Сын с матерью заспорили, а я незаметно для себя отключился, размышляя о своем.
Осень пришла дождями, снулыми, стылыми. Как-то быстро похолодало, бабье лето мелькнуло и ушло, не простившись. Небо закрыло неподвижными тучами на недели, кажется, даже на месяц. Звезды сквозь него виделись только мне.
Потом приснился первый старт. Римма права, с первого же раза у меня все не как у всех – сначала запуск перенесли на сутки из-за неполадок в ракете, наутро следующего дня зарядил мелкий дождичек. Когда автобус, везший нас на площадку номер три, остановился, чтоб мы сходили «на колесо» перед запуском – делать все пришлось очень шустро. Часом позже, под вспышки блицев, рапортовали главному о готовности к полету, а затем поднимались по скользкой металлической лестнице до лифта. Помню, чуть не брякнулся, пока забирался на эту круть. И долго стоял на площадке, махая операторам и фотографам, очень хотелось, чтоб в этот момент семья видела меня на экранах, чтоб прямая трансляция не прервалась, чтоб они успели пожелать всего, а я бы вернулся. Удивительно, но тогда уже думалось о прибытии. Как будто все успел увидеть и перечувствовать.

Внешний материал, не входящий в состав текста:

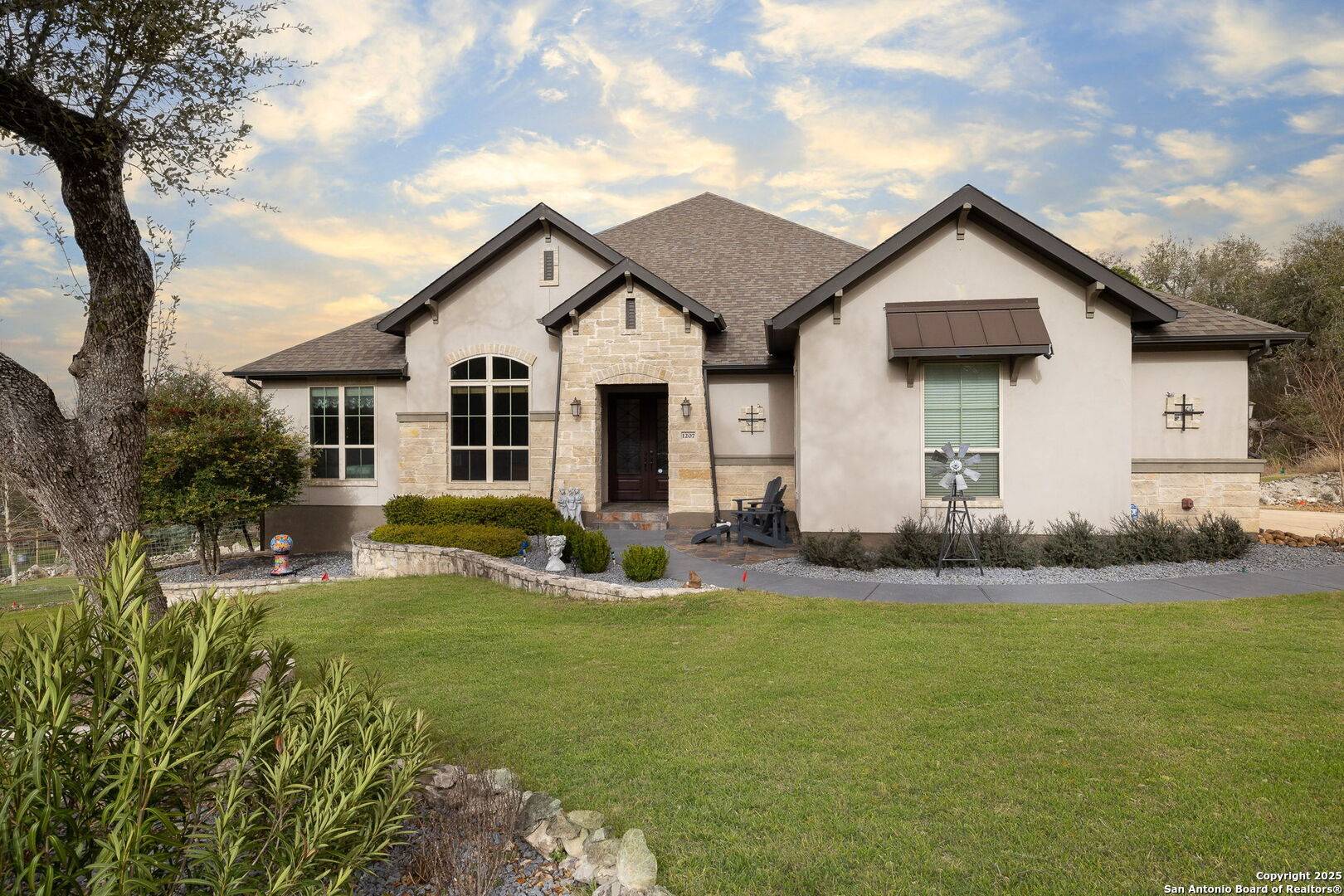 1207 Acquedotto, New Braunfels, TX 78132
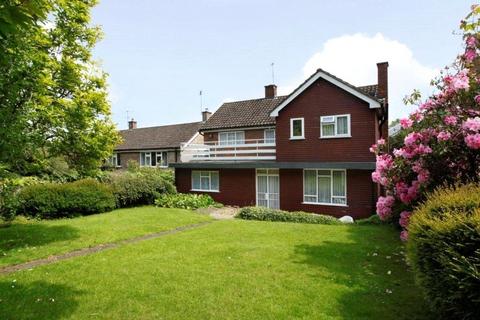 5 Deepdale, London, SW19 5EZ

Днями позже, вернувшись с велосипедной прогулки под крапавшим дождичком, вместе с влажным дождевиком принес жене давно вызревавшее: завтра уезжаю в Москву. Нет, в ЦУП проситься не буду, хочу поговорить с Павлом Николаевичем. Римма вздрогнула, как от удара. Нет, она ждала этого, предчувствовала, понимала, ведь третий раз, но и не верила, не хотела – после всего происшедшего. После безумного спуска и долгих поисков на Урале. Сергей и тот утихомирился, когда приезжал, говорил, скоро станет преподавать аспирантам, и вообще займется собственными хвостами. Хочет дожать докторскую, давно над ней сидит. Я тогда смотрел на него и не узнавал командира. Будто не он говорит, будто слова в его уста вложены Риммой. Говорили в тот раз недолго, попрощались сухо. Наверное. Еще и это подействовало. Вкупе с небесным омутом.
– Хоть бы он с тобой и разговаривать не стал. Хоть бы его не застал. Хоть бы… только, пожалуйста, вернись. Обещаешь?

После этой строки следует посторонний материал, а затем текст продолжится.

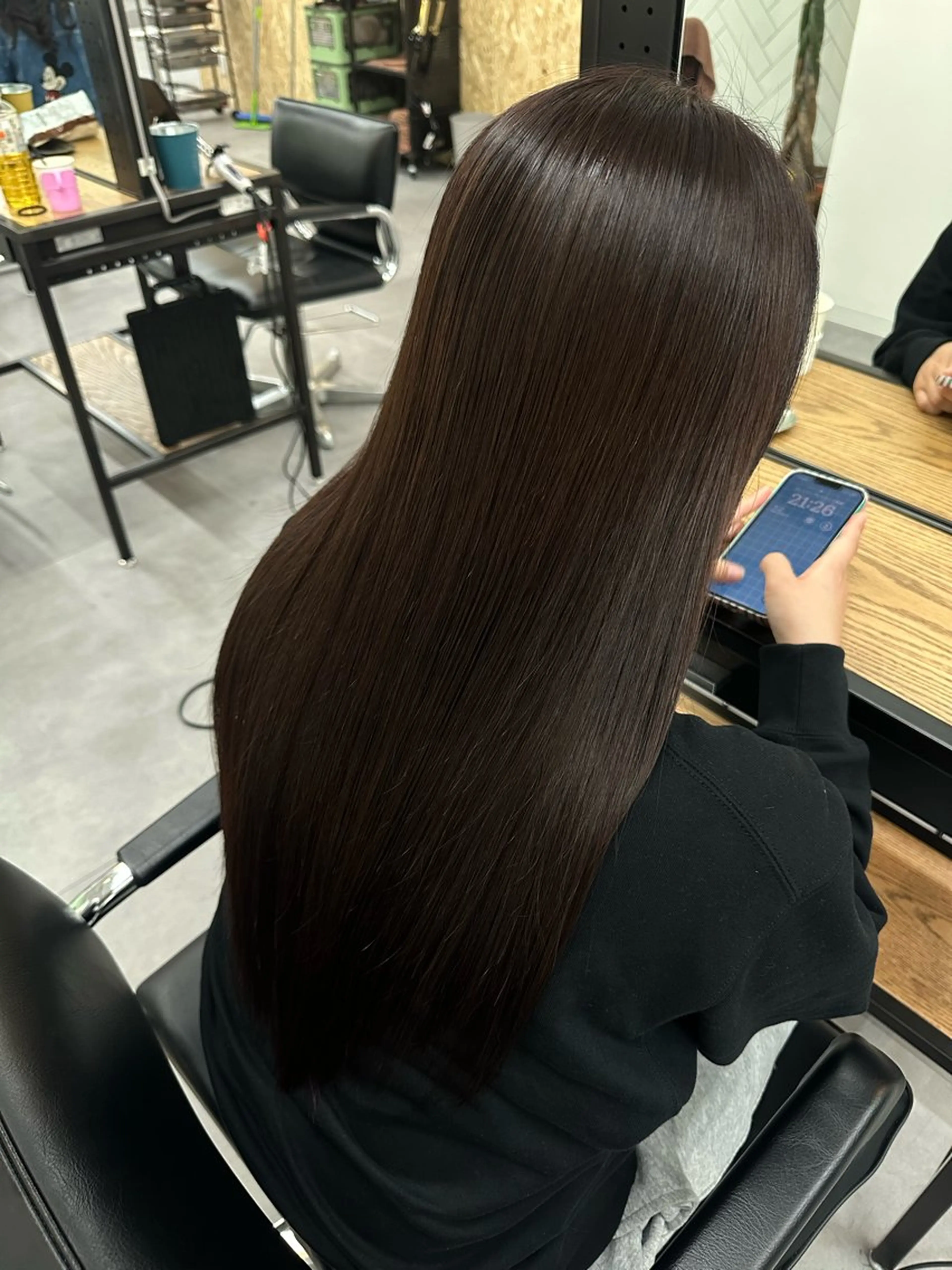 ロング カラー ブラウンカラー バイオレットカラー 大井 あんずのヘアスタイル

– А куда я денусь. После такого…
– Нет, ты мне скажи.
– Обещаю.
Руководитель Центра подготовки тоже встретил неласково. Ему как раз прочистили уши на встрече на высшем уровне, так что и меня он встретил не сразу, и встречу дважды переносил, будто добиваясь того же, чего и супружница. Вот только я оказался настойчивей. Поймал его в холле центрального входа, возле панно. Деваться оказалось некуда, он долго молча слушал. Потом покачал головой.
– Ты хоть понимаешь, чего просишь? Сам подумай, полгода как брякнулся с орбиты, три недели лежмя лежал. В «клуб двадцать» записали, что это не причина для отказа? А теперь опять на программу собрался. Тебя ж медицина еще до конца не исследовала.

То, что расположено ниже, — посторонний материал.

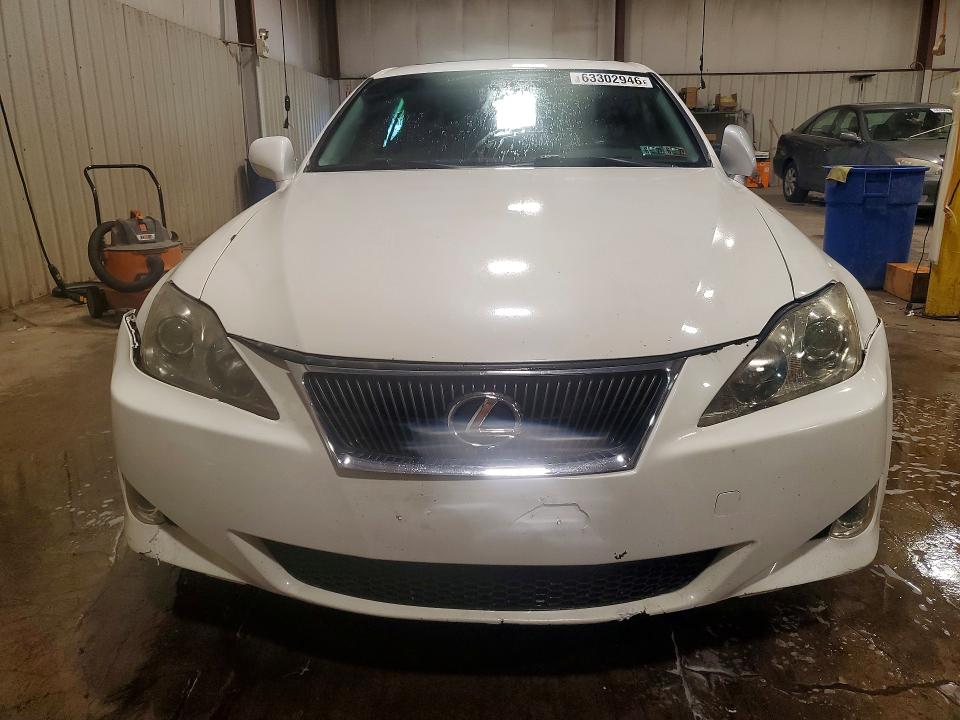 Продажа на аукционе авто 2006 Lexus Is, vin: JTHCK262262005336, номер лота: 63302946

– Я летом диспансеризацию прошел.
– У нас тут, сам знаешь, что происходит. Вон на следующем «Союзе» две дюжины неполадок нашли. И это только при первых испытаниях.
– Я привык к неполадкам в каждом полете.
– И потом, Сергей, он ведь нормальный, отказался от всего, пошел преподавать.
– Я не такой.
– Да, это точно. Упертый, хоть ты что. Хочешь, чтоб тебя первая же центрифуга размазала?